Autour de moi, tout est coloré. Le plafond que je contemple est un mélange de bleu, de vert et de orange, les murs sont un camaïeu de rose et de rouge, tandis que le sol affiche des teintes allant du marron au violet. Je cligne des yeux plusieurs fois, pour essayer de comprendre. Je suis en vie ou... ?
- Ah ! On a une revenante ! s'exclame soudain quelqu'un à côté de moi, d'un ton enjoué, que j'ai l'impression d'avoir déjà entendu quelque part.
Je tente de tourner la tête, pour apercevoir cet homme qui m'adresse la parole, mais je n'y arrive pas. Mon corps ne me réponds pas, tout ce que je fait, c'est grimacer. Il paraît comprendre ce que j'ai tenté de faire parce qu'il me dit en riant, s'asseyant sur... mon lit ?
- Ne force pas, reposes toi pour l'instant. Tu as faillit mourir, tu sais ? C'est normal de ne pas pouvoir bouger.

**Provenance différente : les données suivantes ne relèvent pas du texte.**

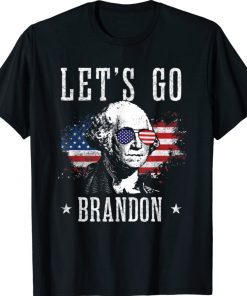 Let's Go Brandon George Washington American Flag Vintage TShirt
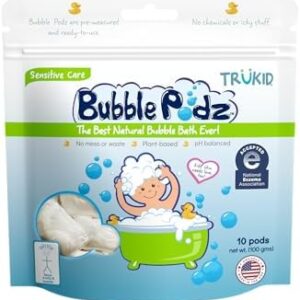 TruKid Bubble Podz Bubble Bath for Baby & Kids, NEA-Accepted for Eczema, Gentle Refreshing Colloidal Oatmeal Bath Bomb for Sensitive Skin, pH Balance 7 for Eye Sensitivity, Unscented (10 Podz)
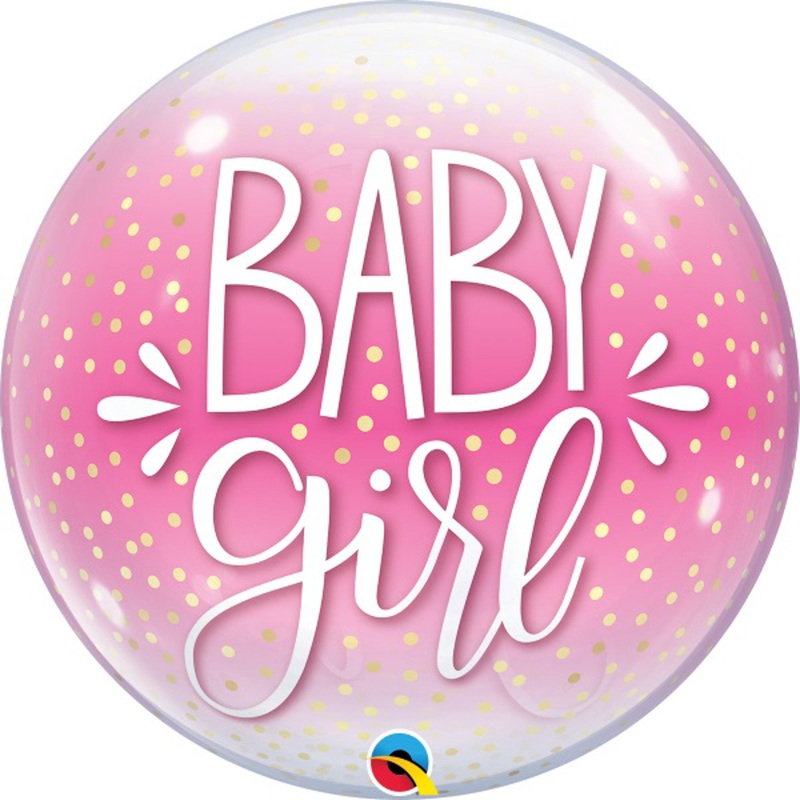 "Baby Girl Confetti Pink Bubbles - 22 Inch"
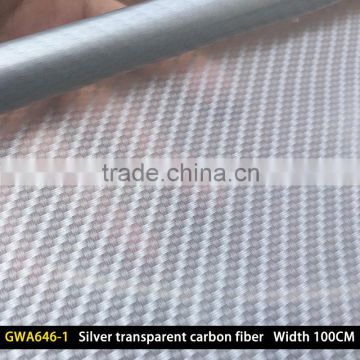 GWA646-1 Width 100CM Silver transparent carbon fiber water transfer Printing film Hydro printing factory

Ça parait totalement idiot, mais je viens de me rendre compte que je suis dans un lit. Ainsi, ils ont des chambres, là où je suis... Cela fait tellement longtemps que je n'ai pas dormi dans un vrai lit ! C'est si confortable...
Mais d'ailleurs, j'y pense, où suis je exactement ?

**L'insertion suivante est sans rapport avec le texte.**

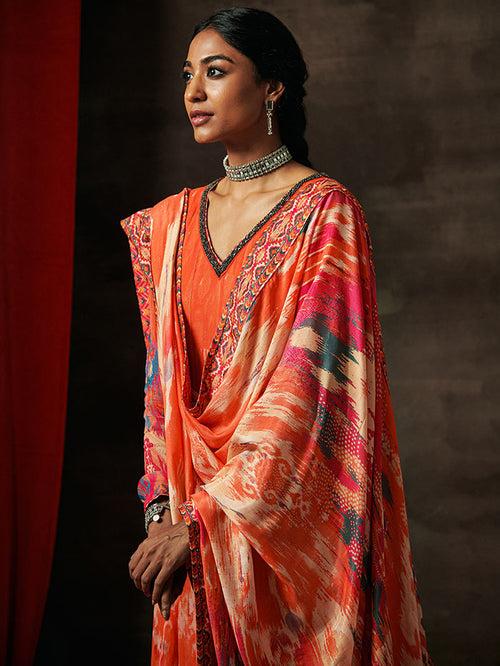 Saba Kurta Set with Dupatta - Apricot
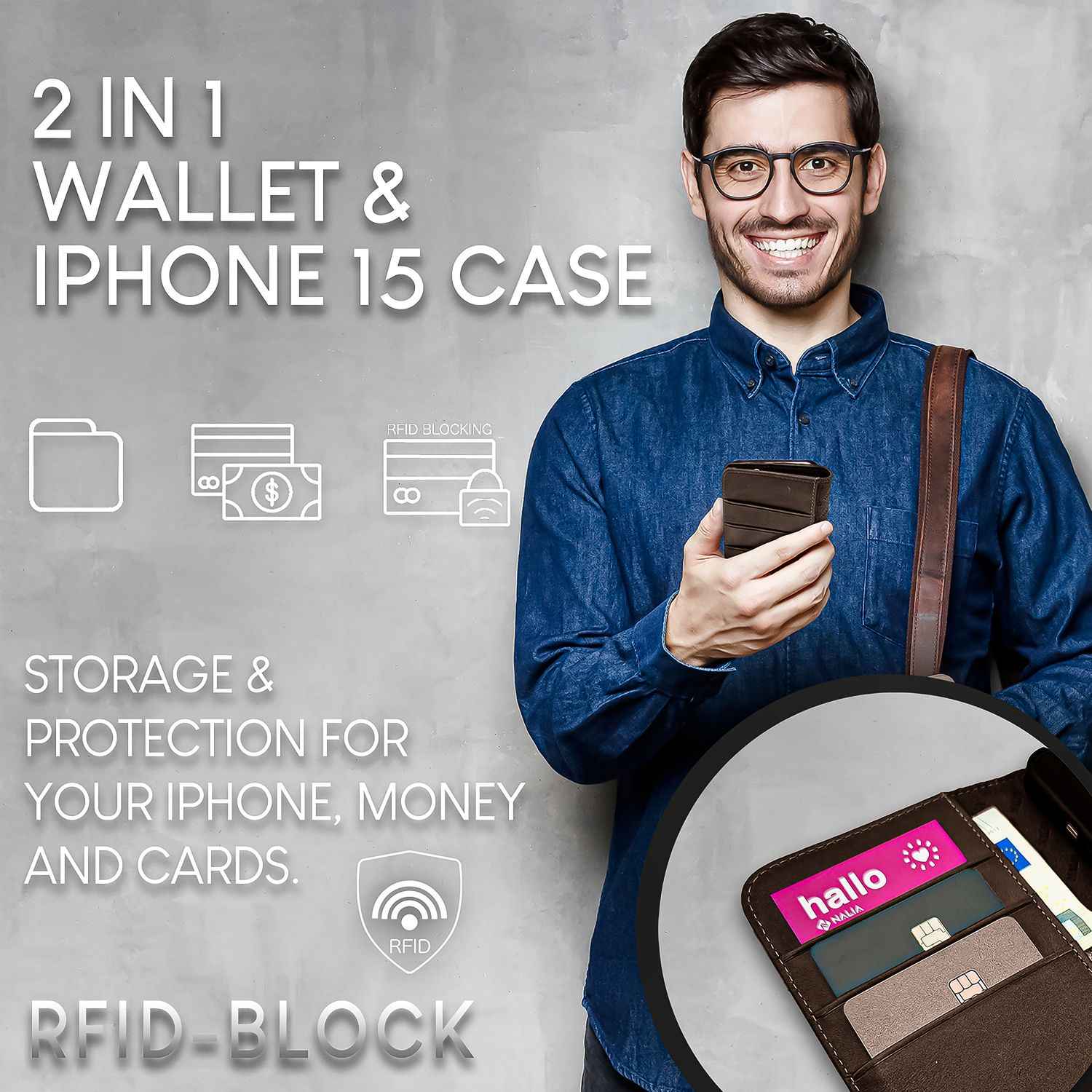 NALIA Echt-Leder Flipcase für iPhone 15 Pro Hülle, Rindsleder Schutzhülle RFID-Schutz Lederhülle Aufstellbar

J'ouvre la bouche pour demander, mais aucun son ne sort. J'ai beau essayer encore et encore, ma voix refuse de m'obéir.
L'homme, jusque là assis à côté de moi, se lève et me saisit les bras, dans une tentative pour m'apaiser. Il a un joli visage, un peu ovale, et de grands yeux bleus où dansent des lueurs de gaieté.

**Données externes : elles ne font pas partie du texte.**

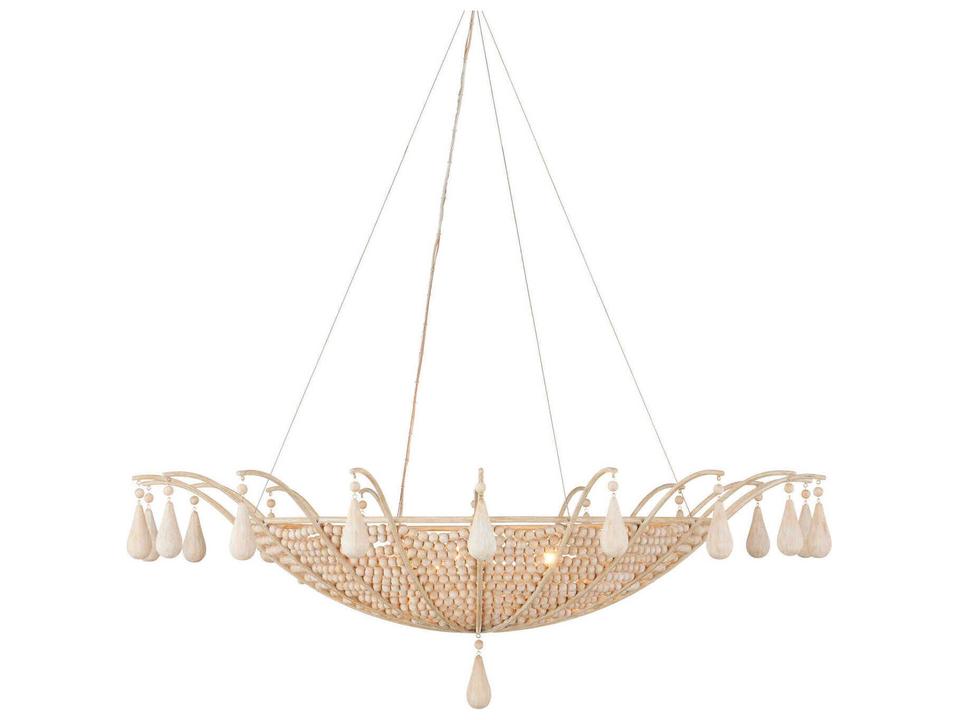 Currey and Company 5-Light Korg Chandelier in Sandstone with Wood Beads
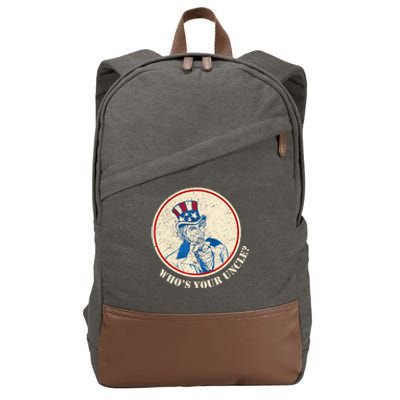 Funny Uncle Sam Whos Your Uncle Cotton Canvas Backpack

- Ne panique pas... Voila, calme toi... murmure t-il, m'obligeant à le fixer jusqu'à ce que mon poul s'apaise enfin.
Ma poitrine se soulève rapidement alors que ma respiration s'accélère. Mon corps réponds au flux de panique qui vient de m'envahir. L'homme me sourit, rassurant. Il a les cheveux un peu longs, pour un garçon. Ils me chatouillent le visage. J'éternue.
Il éclate de rire, et les ramène sur sa nuque, où il les attache rapidement, sans cesser de me fixer, ce qui commence à être gênant. Mon mal être face à lui paraît beaucoup l'amuser. Il se relève et disparaît de mon champ de vision, pour apparemment fouiller dans un meuble à côté de moi.
- Je m'appelle Aden, me dit il, réapparaissant soudain devant mes yeux, en me tendant une pierre de transmission.
J'incline la tête pour le remercier, puis me connecte à l'objet avec mon code ADN. Une douce lumière bleutée émane de la pierre, tandis que mes pensées se mettent en phase avec le transmetteur. Je peux m'exprimer à travers l'objet rien qu'en pensant un mot, et je lui réponds donc.
- Enchantée, Aden. Et... Merci, je suppose.
Il a un petit rire mutin, mais dit tout de même :
- Tout le plaisir fut pour moi. Je suis mercenaire, m'apprend t-il, comme si c'était censé me rassurer.
A Walville, on a des salauds de toutes espèces. Mais les mercenaires, ce sont sans doute les pires. Ils n'ont rien à défendre. Pas d'idéal, pas de cause, pas de gens. Tout ce qu'ils veulent, c'est de l'argent.
Ironie du sort, je dois la vie à une de ces crapules. Et je dois dire que pour l'instant, la crapule en question est plutôt d'agréable compagnie. Et bel homme, avec ça. Enfin, à part l'étrange couleur blanche de ses cheveux, parce qu'il n'a pas l'air d'avoir dépassé les vingt cinq ans.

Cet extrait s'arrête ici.